=== DATA SEGMENT ===
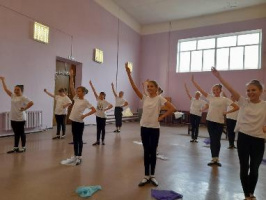 Мастер-класс по народному танцу на базе хореографического коллектива «Созвездие» 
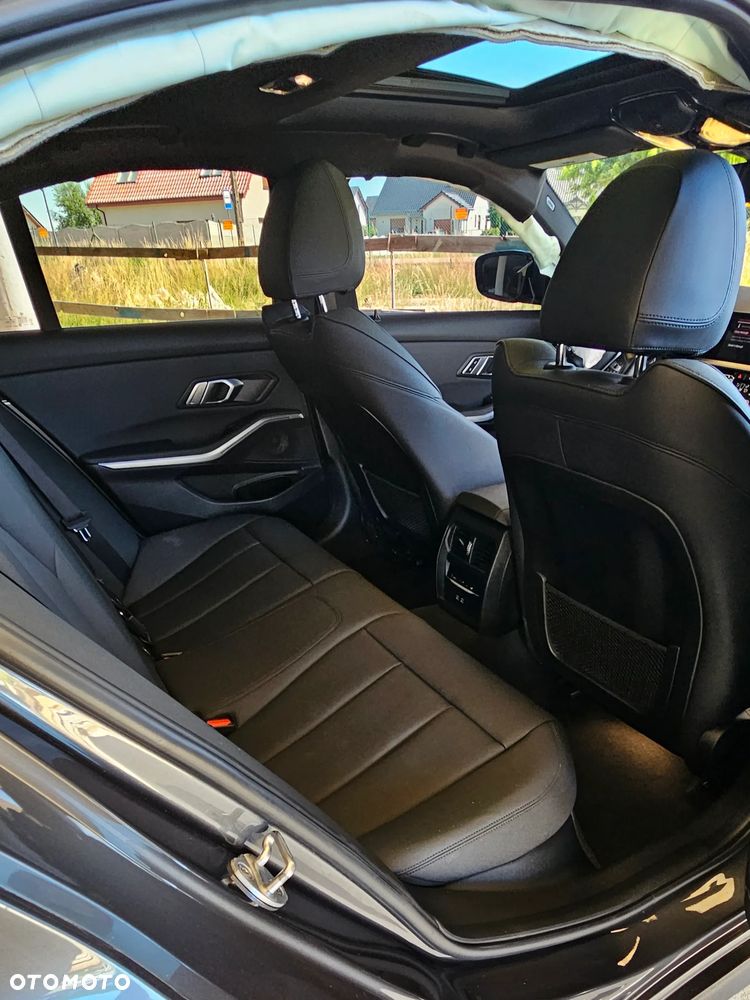 BMW Seria 3 330i xDrive Sport Line - 16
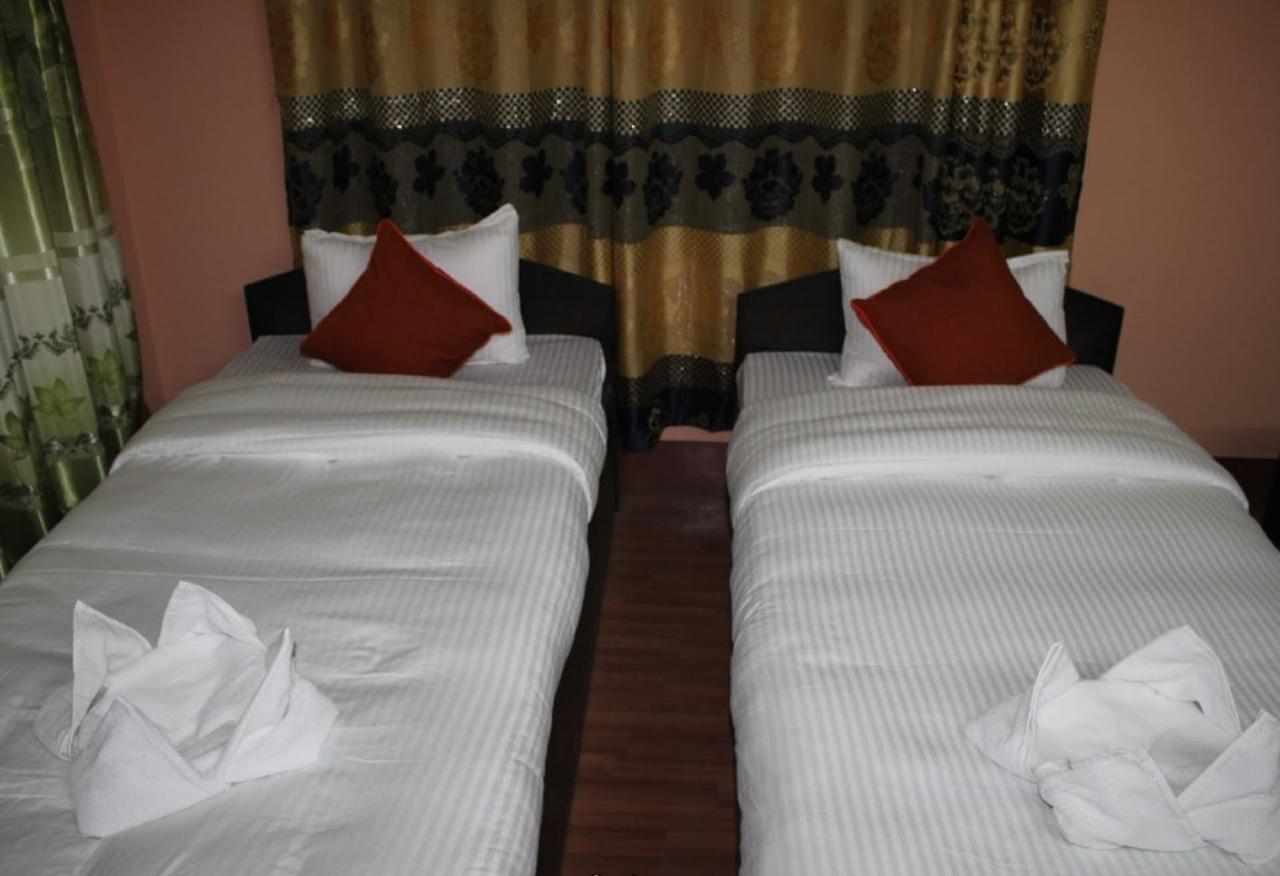 Travellers Dorm Bed & Breakfast Katmandu Dış mekan fotoğraf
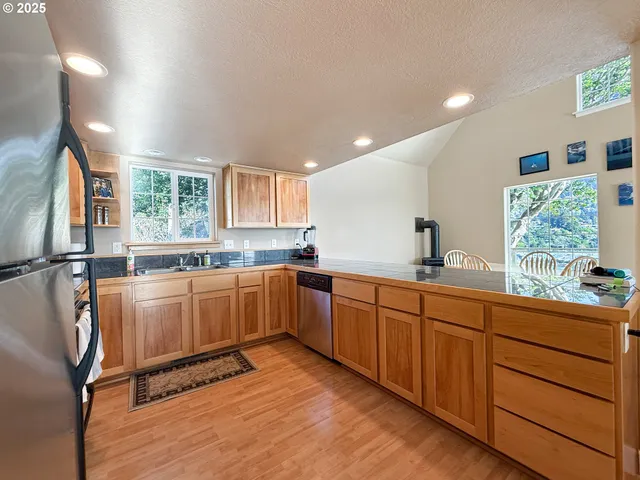 $879,000 | 322 Del Norte Lane, Brookings, OR 97415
===
PROBLEM STATEMENT
Return only the lines from the one that contains "BMW Seria 3 330i xDrive Sport Line - 16" through the closing line of the data, inclusive, reproduced exactly and with every picture left out.

FINAL ANSWER
 BMW Seria 3 330i xDrive Sport Line - 16
 Travellers Dorm Bed & Breakfast Katmandu Dış mekan fotoğraf
 $879,000 | 322 Del Norte Lane, Brookings, OR 97415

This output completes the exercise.